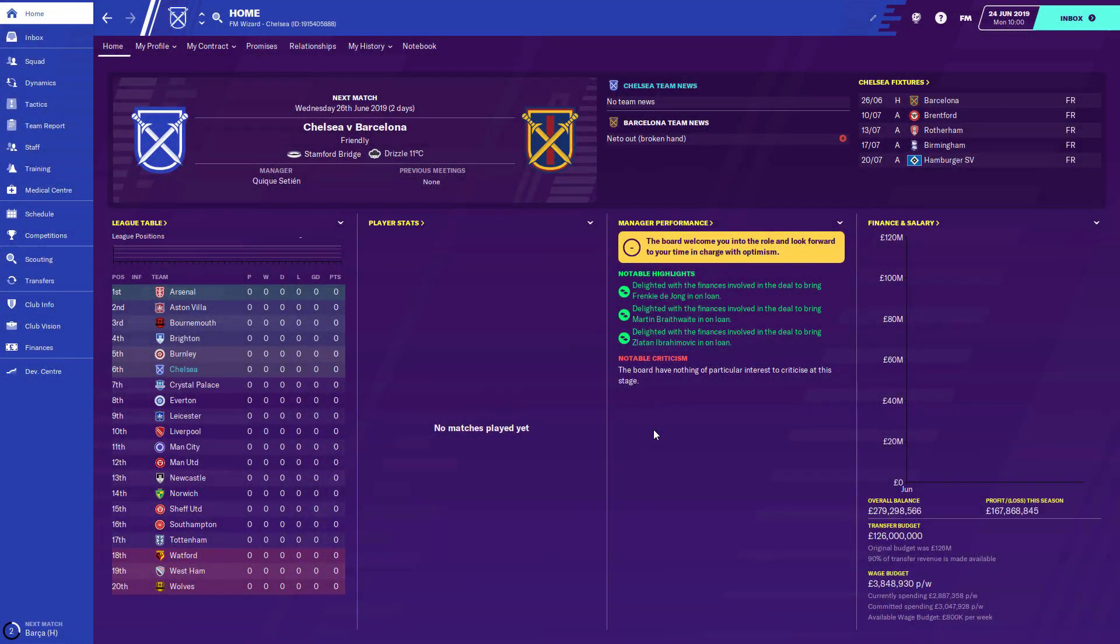What's going on guys, FMWizard here today and I'm here to show you how to install logos into your Football Manager game.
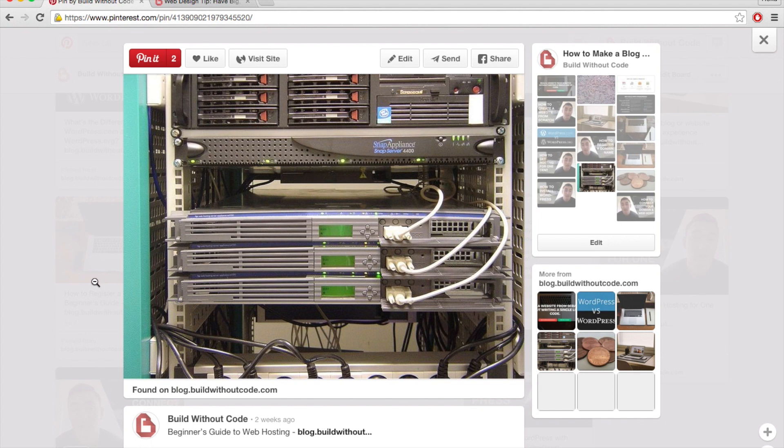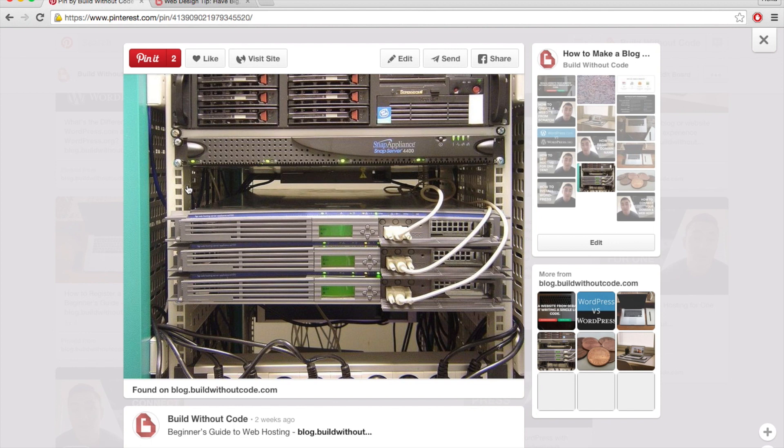So you could either buy your own server and set it up yourself, but that's pretty complicated. So what most people do is they simply rent a space on someone else's servers. And this is called web hosting because they are hosting your web content on their servers.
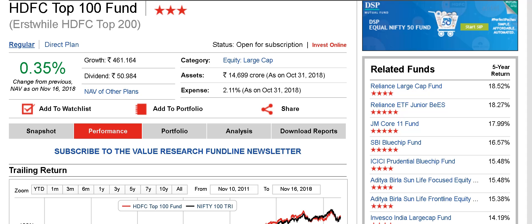Hi, this is Patu from FreeFinCal. In this video, let's talk about how to review the performance of a mutual fund quickly using Value Research. We will use HDFC Top 100 fund as an example. To be frank, this is an extreme example of poor performance, but what I'm going to say will apply to any fund and you can quickly review the performance.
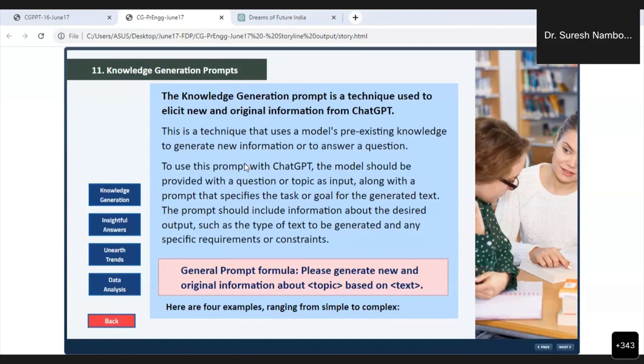To use this prompt in ChatGPT, the model should be provided with a question or topic as input, along with a prompt that specifies the task or goal for the generated text. The prompt should include information about the desired output, such as the type of text to be generated and any specific requirements or constraints. Here you will see one general prompt formula.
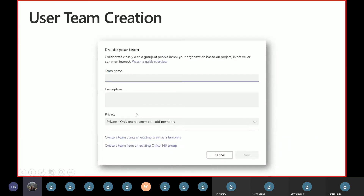One really powerful feature is that you can create a team using an existing team as a template. This allows you to copy and paste a team over and over again. For example, if I teach an entrepreneurship course every term, at the end of the term I can copy my team — the channel structure, all the tabs and apps — so I don't have to start from scratch each time.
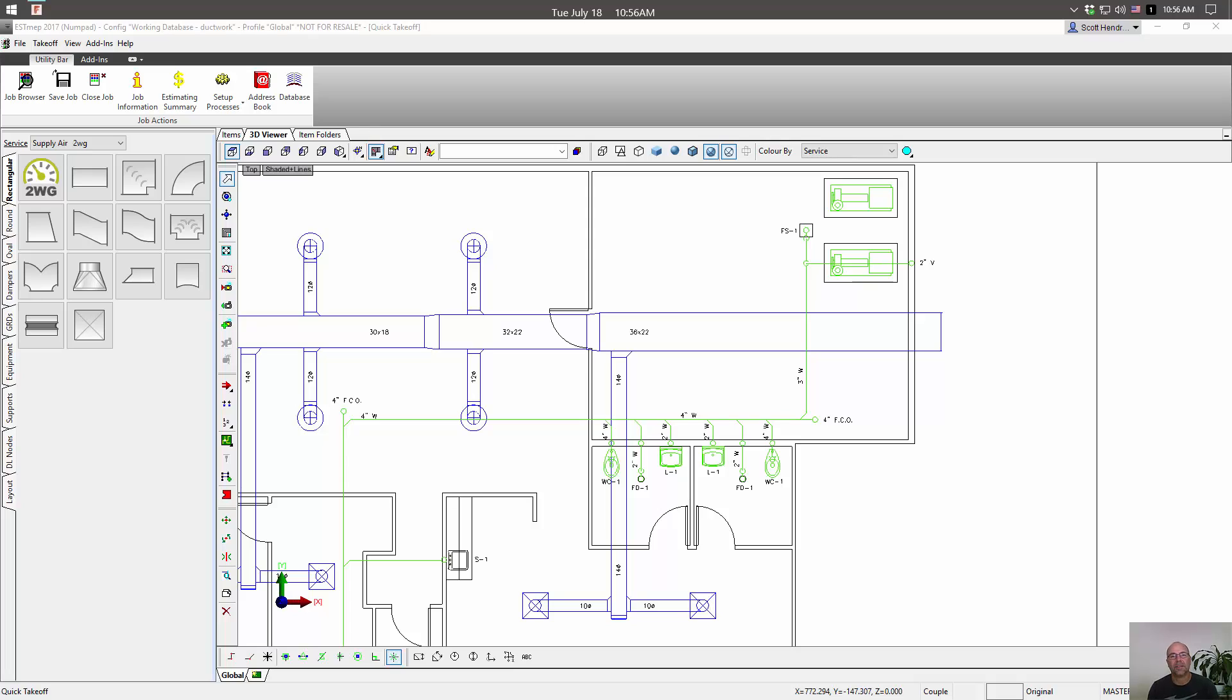Hi, this is Scott Hendricks and today I want to talk to you about the Fabrication NumPad. I know what you're thinking, what the heck is a NumPad? Well, the NumPad is an on-screen input device.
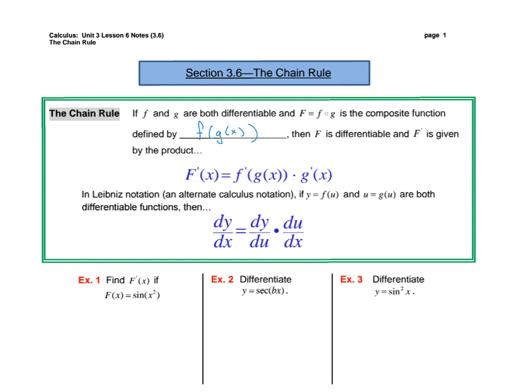Hi gang! Let's work through our section 3.6 notes. We are going to be talking about the chain rule. The chain rule is what we call taking the derivative of bigger and better functions — it's just going to give you more power in your derivative taking.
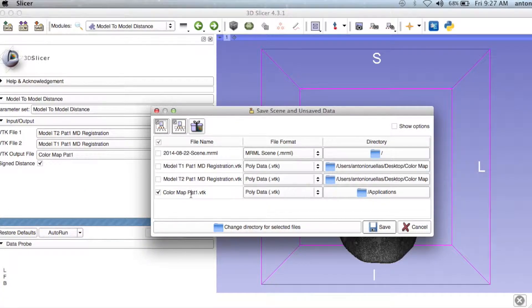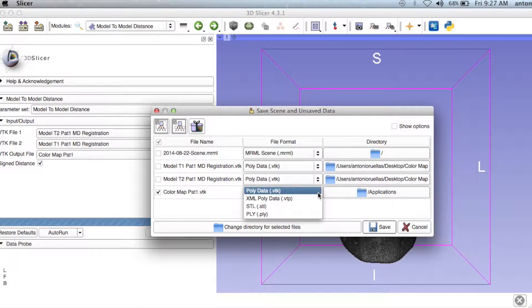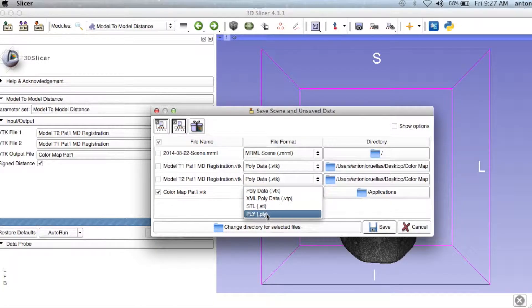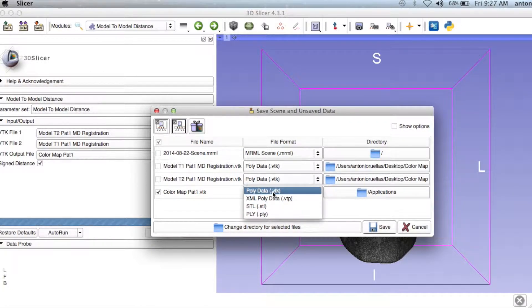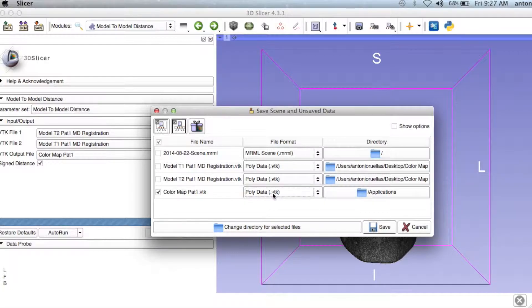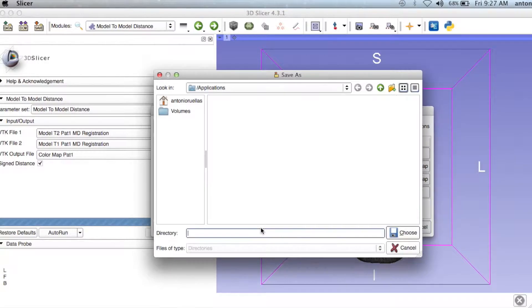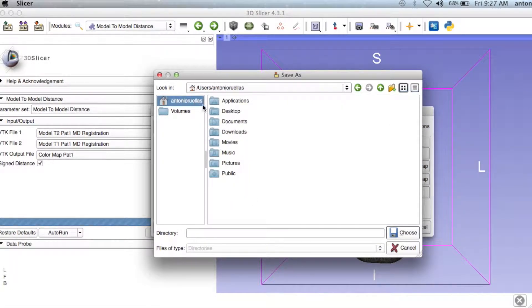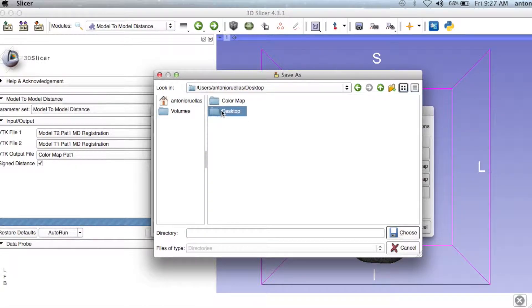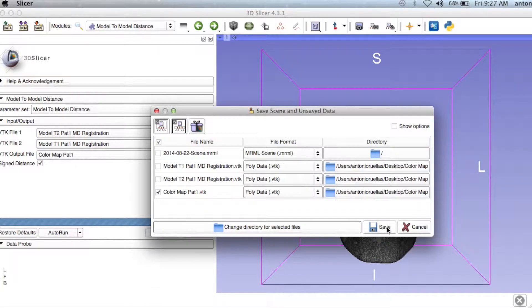You have the option to rename the file and change the file format, but keep the VTK file format for now. You can also change the directory here. Click Save.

> **WHAT YOU ARE ASKED TO DO**
Give back every line of the material above word for word, leaving out the pictures.

> **OUTPUT FOR THIS EXERCISE**
What's going on guys, FMWizard here today and I'm here to show you how to install logos into your Football Manager game.
So you could either buy your own server and set it up yourself, but that's pretty complicated. So what most people do is they simply rent a space on someone else's servers. And this is called web hosting because they are hosting your web content on their servers.
Hi, this is Patu from FreeFinCal. In this video, let's talk about how to review the performance of a mutual fund quickly using Value Research. We will use HDFC Top 100 fund as an example. To be frank, this is an extreme example of poor performance, but what I'm going to say will apply to any fund and you can quickly review the performance.
To use this prompt in ChatGPT, the model should be provided with a question or topic as input, along with a prompt that specifies the task or goal for the generated text. The prompt should include information about the desired output, such as the type of text to be generated and any specific requirements or constraints. Here you will see one general prompt formula.
One really powerful feature is that you can create a team using an existing team as a template. This allows you to copy and paste a team over and over again. For example, if I teach an entrepreneurship course every term, at the end of the term I can copy my team — the channel structure, all the tabs and apps — so I don't have to start from scratch each time.
Hi, this is Scott Hendricks and today I want to talk to you about the Fabrication NumPad. I know what you're thinking, what the heck is a NumPad? Well, the NumPad is an on-screen input device.
Hi gang! Let's work through our section 3.6 notes. We are going to be talking about the chain rule. The chain rule is what we call taking the derivative of bigger and better functions — it's just going to give you more power in your derivative taking.
You have the option to rename the file and change the file format, but keep the VTK file format for now. You can also change the directory here. Click Save.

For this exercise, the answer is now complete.